** Task input **

[Start of section]

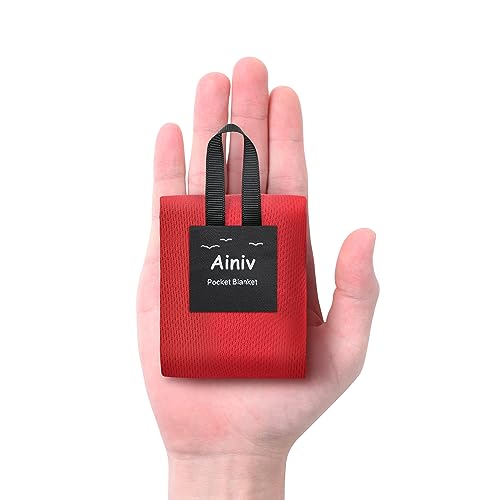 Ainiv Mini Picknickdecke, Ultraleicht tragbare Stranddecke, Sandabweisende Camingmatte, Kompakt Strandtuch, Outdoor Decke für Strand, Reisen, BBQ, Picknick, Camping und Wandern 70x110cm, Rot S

[End of section]
[Start of section]

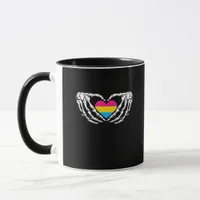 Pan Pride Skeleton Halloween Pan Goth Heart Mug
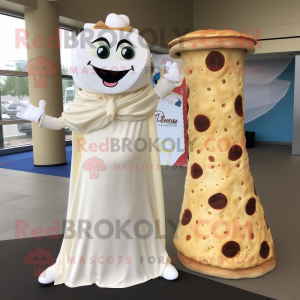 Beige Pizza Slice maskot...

[End of section]

** To do **
Your output should be the lines above from the one that contains "Pan Pride Skeleton" through the one that contains "Beige Pizza Slice maskot...", word for word, with pictures left out.

** Output **
 Pan Pride Skeleton Halloween Pan Goth Heart Mug
 Beige Pizza Slice maskot...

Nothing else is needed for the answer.